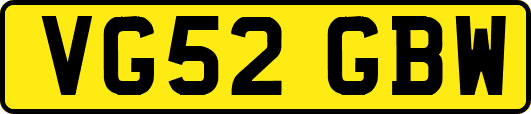 VG52GBW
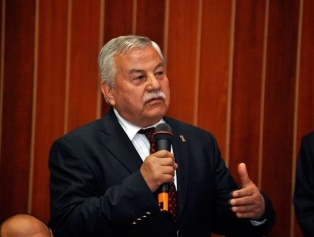 2012 Yılı Sodes Bilgilendirme Toplantısı Galeri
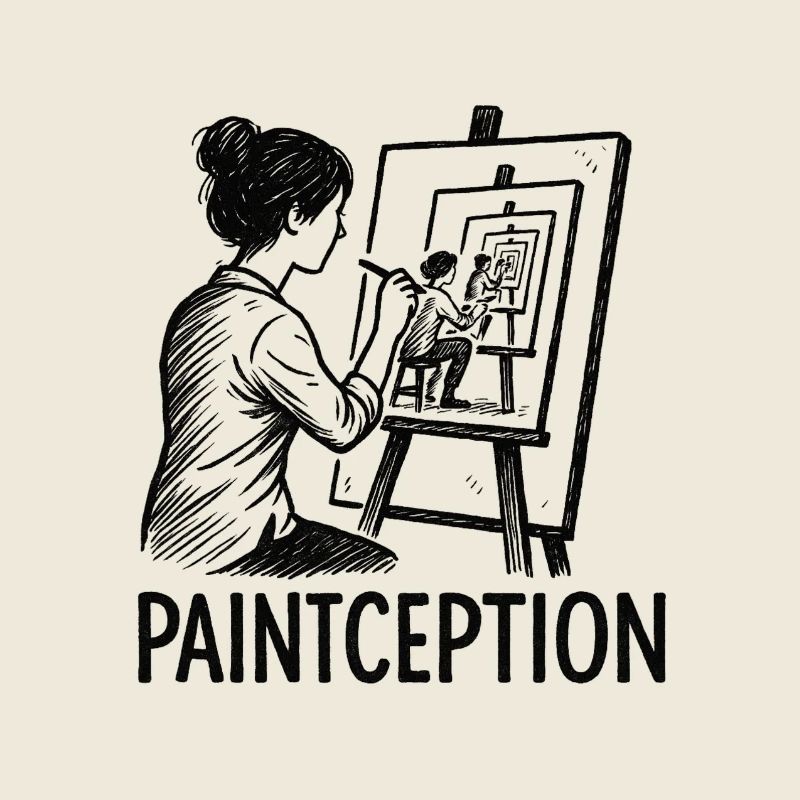 Paintception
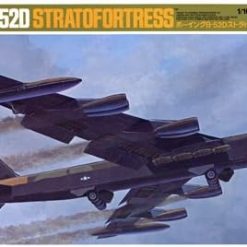 Tamiya Models Boeing B-52D Stratofortress Model Kit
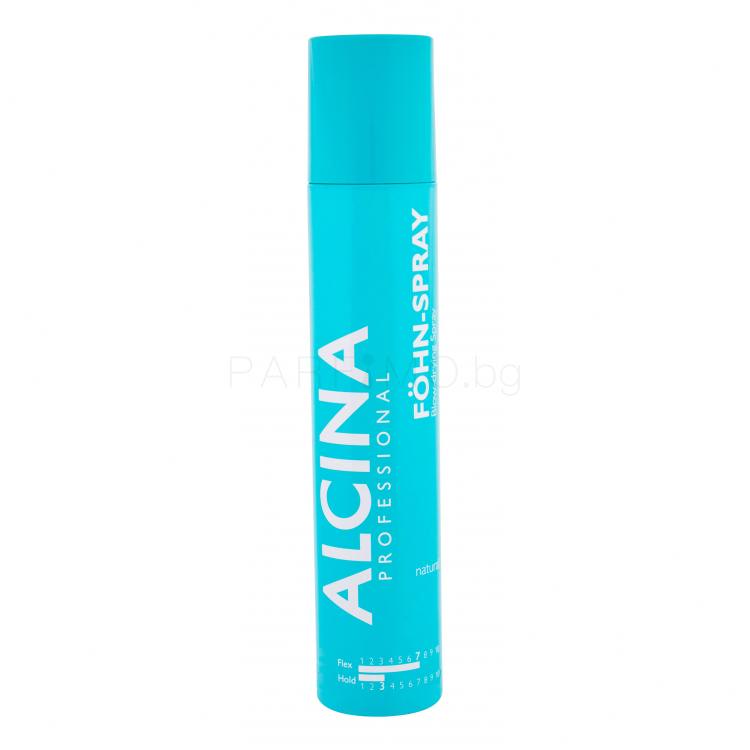 ALCINA Natural За оформяне на косата за жени 200 ml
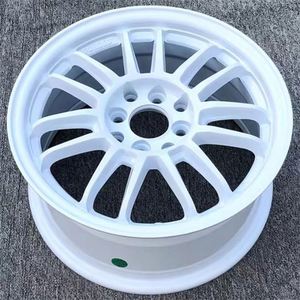 <span class=keywords><strong>ขอบ</strong></span>ล้อ5X114.3แสงสีดำและสีบรอนซ์อ่อนสีกาแฟจานจุ่มลึก14 <span class=keywords><strong>15</strong></span> 16 18นิ้ว<span class=keywords><strong>ขอบ</strong></span>เหมาะกับทุก Cars สำหรับรังสี <span class=keywords><strong>RE30</strong></span> - Product Image 4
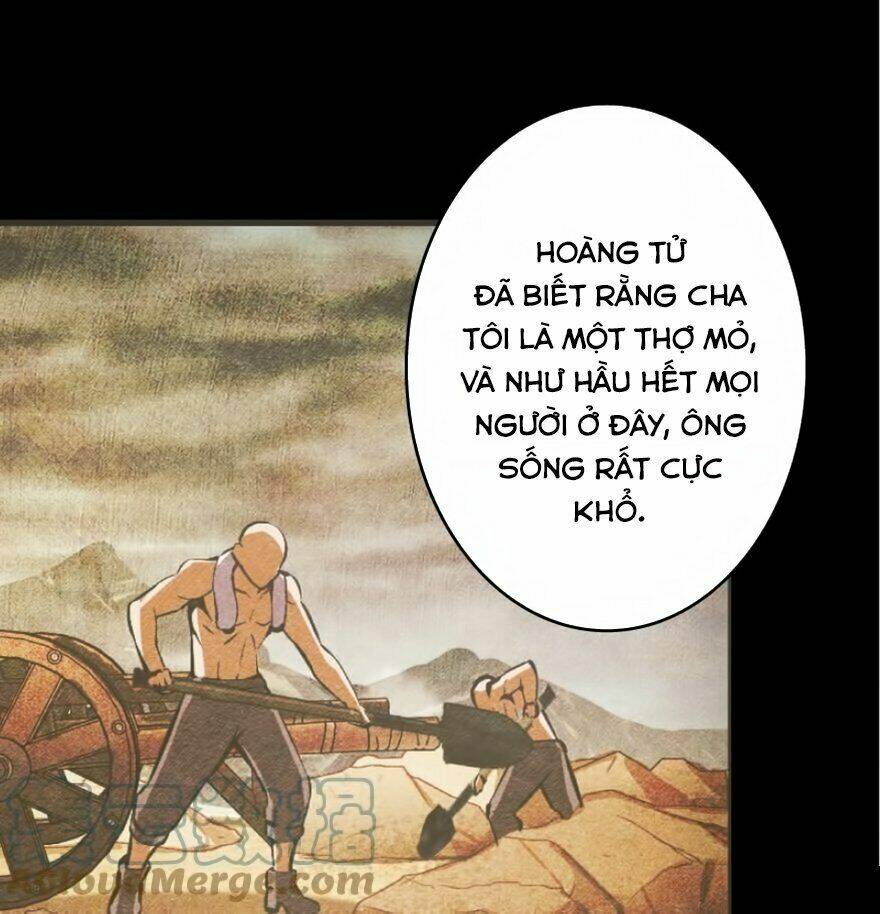 Thả Vu Nữ Đó Ra Chapter 7 - Trang 2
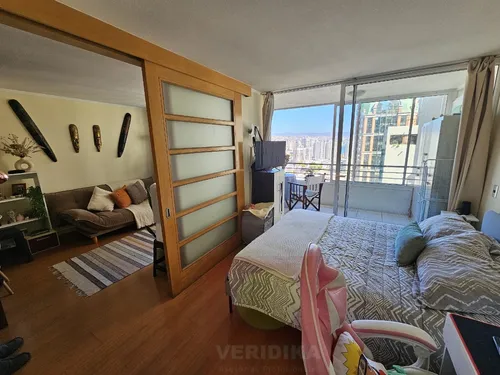 Arriendo Año Corrido Sin Muebles En Coraceros.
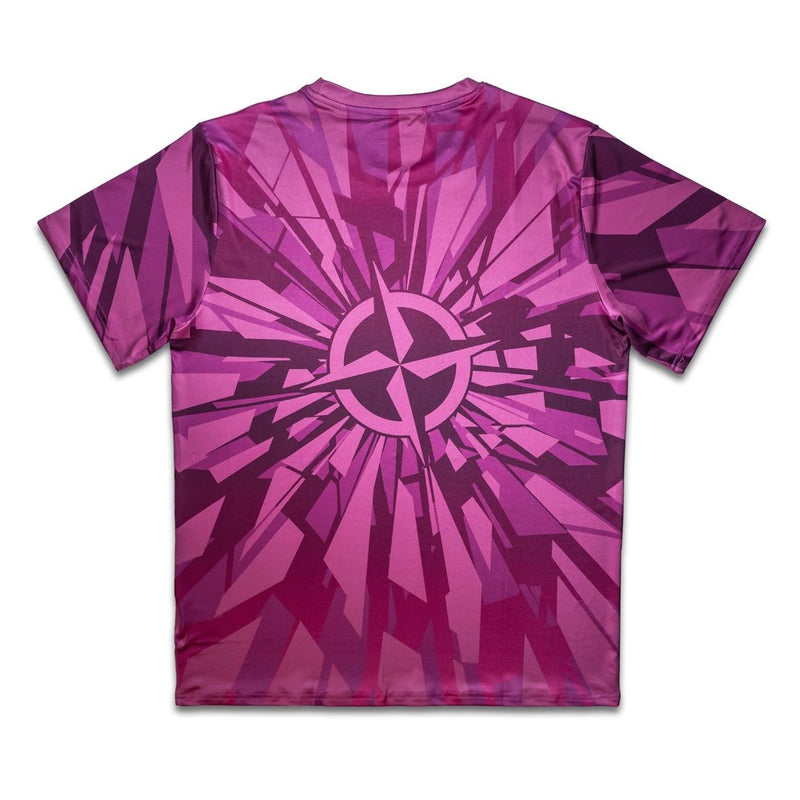 Load image into Gallery viewer, Shatter Jersey - Sublimated
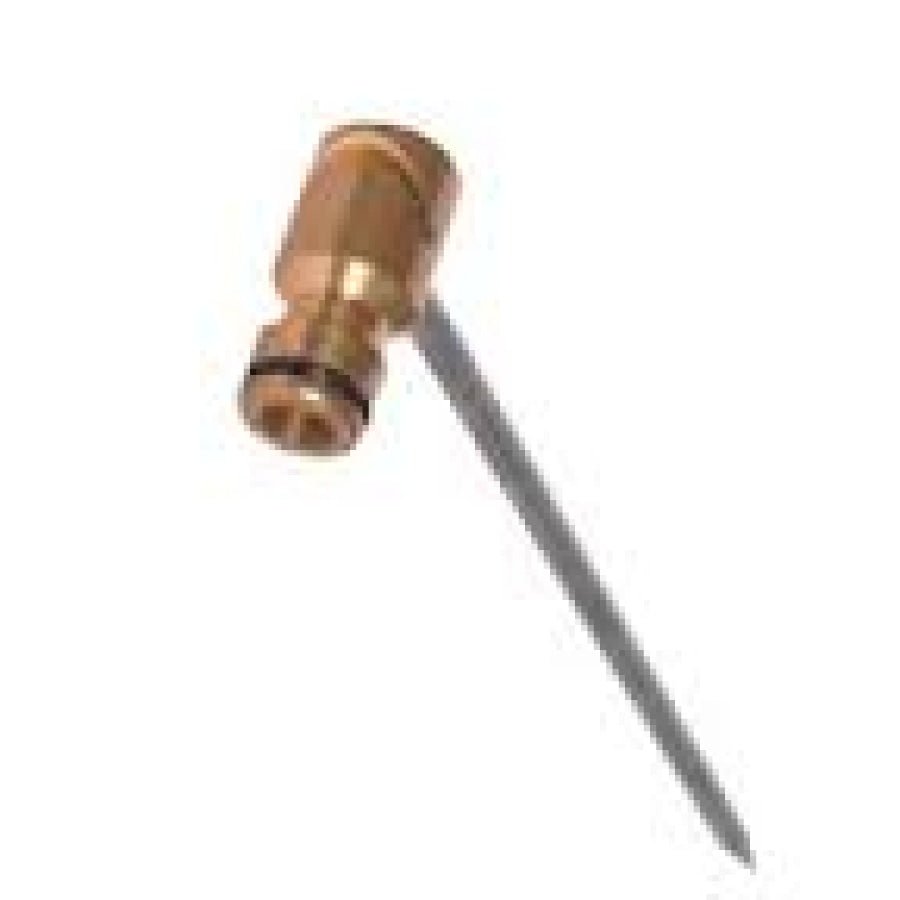 ZORRO Brass Spike Angle Sprinkler 12mm - Hose Factory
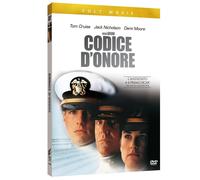 FILM DVD - CODICE D'ONORE - EDIZIONE SPECIALE - Nuovo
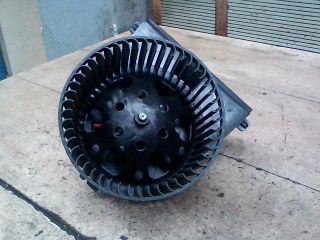 bontott SKODA OCTAVIA I Fűtőmotor (Nem klímás)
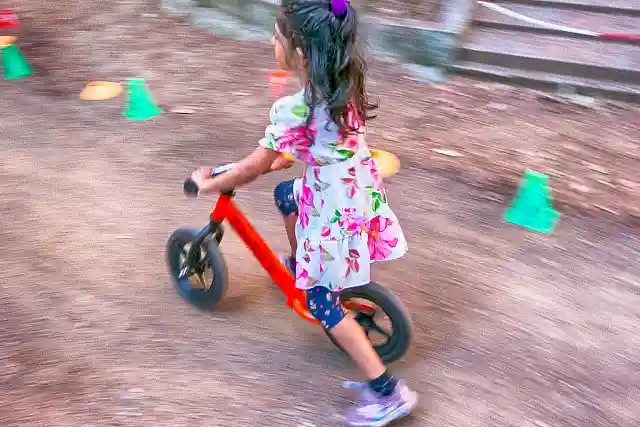 Bike Kids Experience - Vimercate 2023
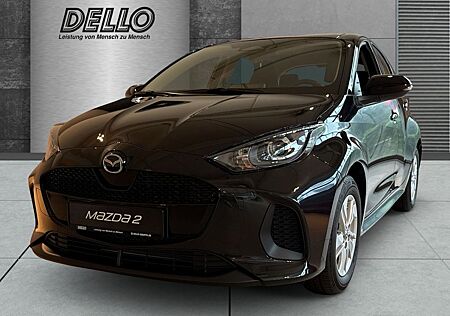 Mazda 2 Hybrid Centre-Line 1.5 MRCC Rückfahrkamera Sit
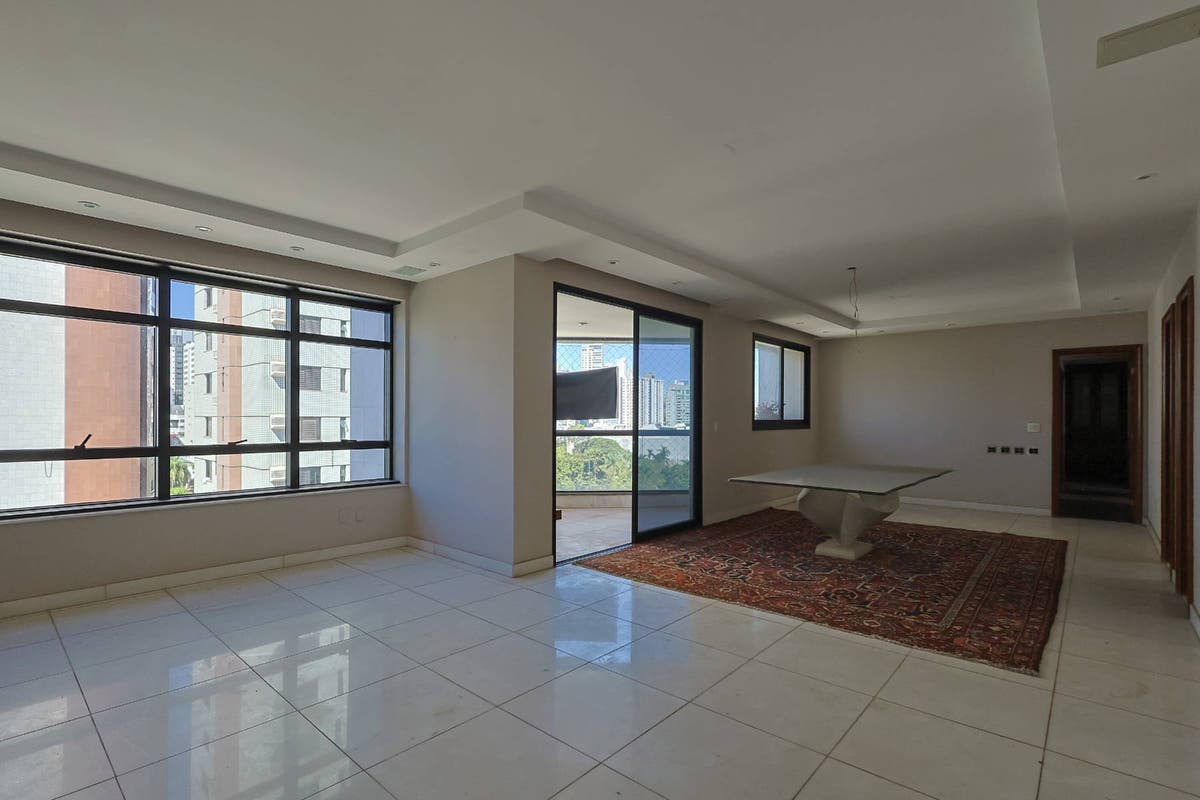 Apartamento com 3 quartos para Locação, Belvedere - Belo Horizonte - Apartamento em Belvedere, Belo Horizonte - para locação - Silvio Ximenes Imobiliária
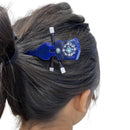 つは琉球店オリジナル 全5色 三線かんざし ジーファー 再生木材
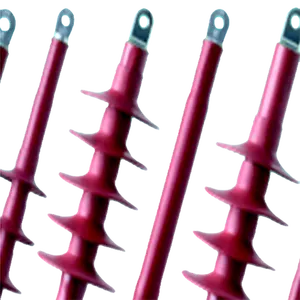 Raychem-kits de Terminación de Cable termorretráctil, HVT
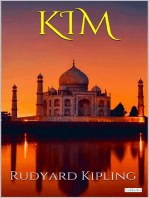 KIM - Rudyard Kipling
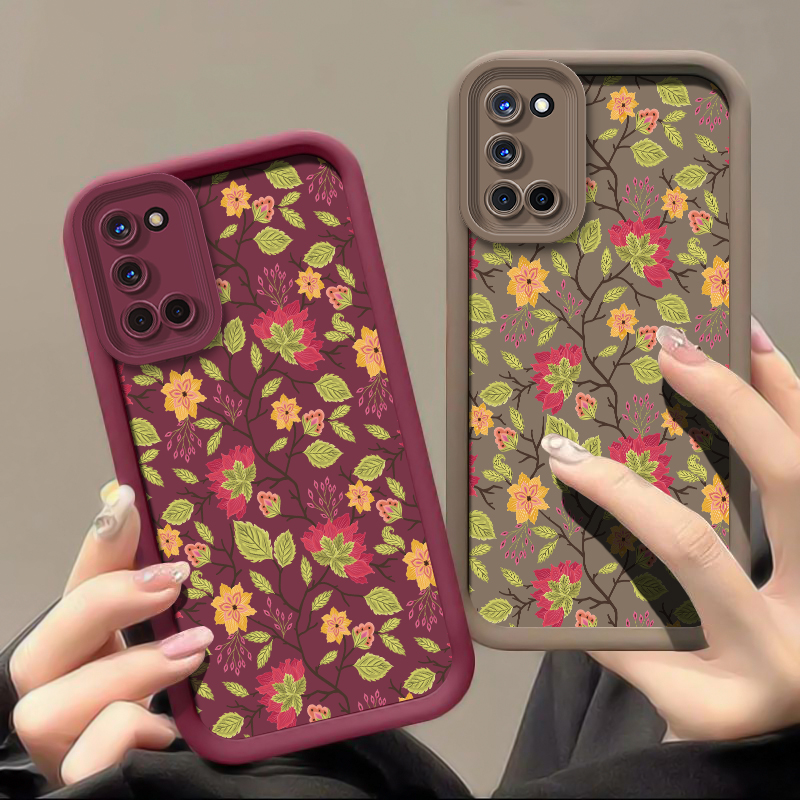 Matte Soft Phone Case For OPPO - огляд і ціна Phone Cases Oppo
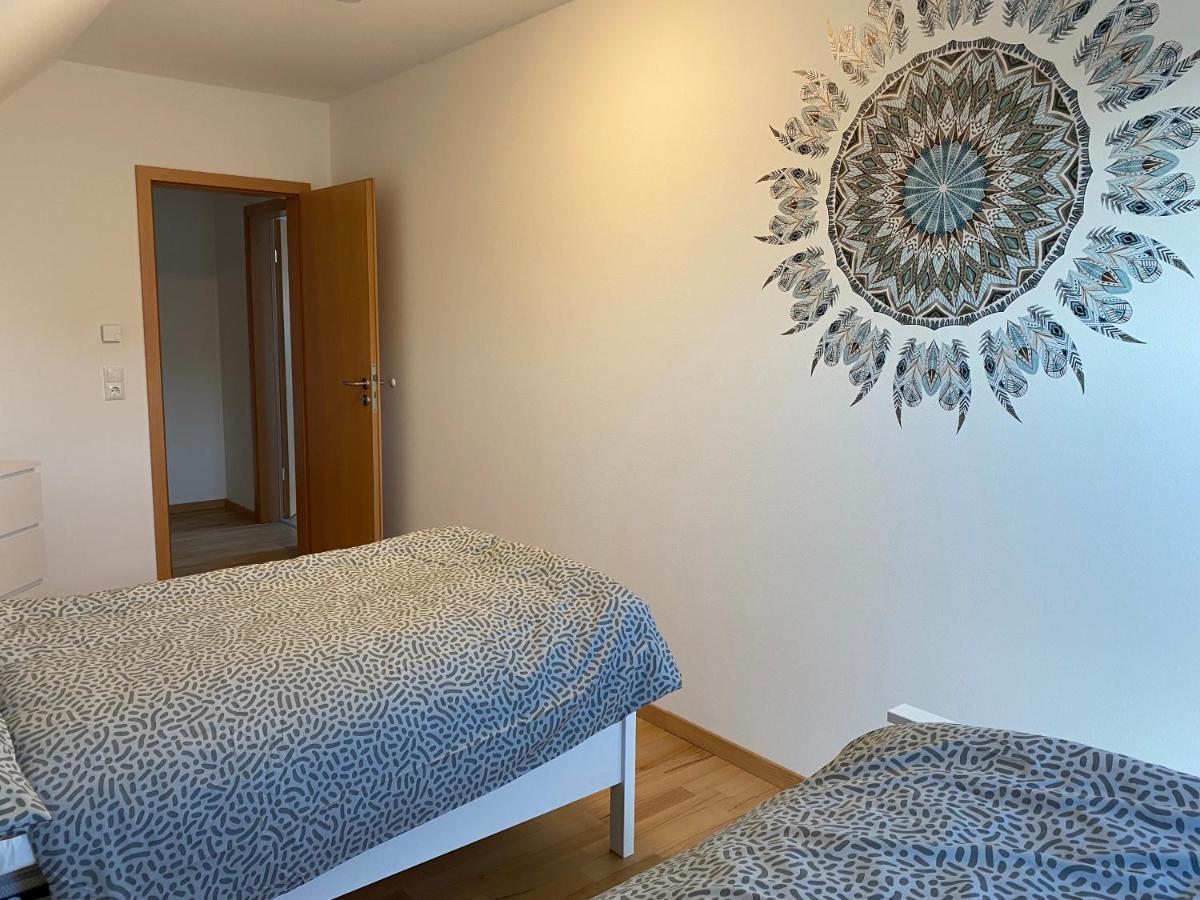 Ferienwohnung Am Ploener See Ascheberg  Esterno foto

# EXERCISE DESCRIPTION
Quote exactly, and nothing besides, the lines from the one with "Arriendo Año Corrido" through the end of the records above; include both ends and omit the pictures.

# WRITTEN ANSWER
 Arriendo Año Corrido Sin Muebles En Coraceros.
 Load image into Gallery viewer, Shatter Jersey - Sublimated
 ZORRO Brass Spike Angle Sprinkler 12mm - Hose Factory
 FILM DVD - CODICE D'ONORE - EDIZIONE SPECIALE - Nuovo
 bontott SKODA OCTAVIA I Fűtőmotor (Nem klímás)
 Bike Kids Experience - Vimercate 2023
 Mazda 2 Hybrid Centre-Line 1.5 MRCC Rückfahrkamera Sit
 Apartamento com 3 quartos para Locação, Belvedere - Belo Horizonte - Apartamento em Belvedere, Belo Horizonte - para locação - Silvio Ximenes Imobiliária
 つは琉球店オリジナル 全5色 三線かんざし ジーファー 再生木材
 Raychem-kits de Terminación de Cable termorretráctil, HVT
 KIM - Rudyard Kipling
 Matte Soft Phone Case For OPPO - огляд і ціна Phone Cases Oppo
 Ferienwohnung Am Ploener See Ascheberg  Esterno foto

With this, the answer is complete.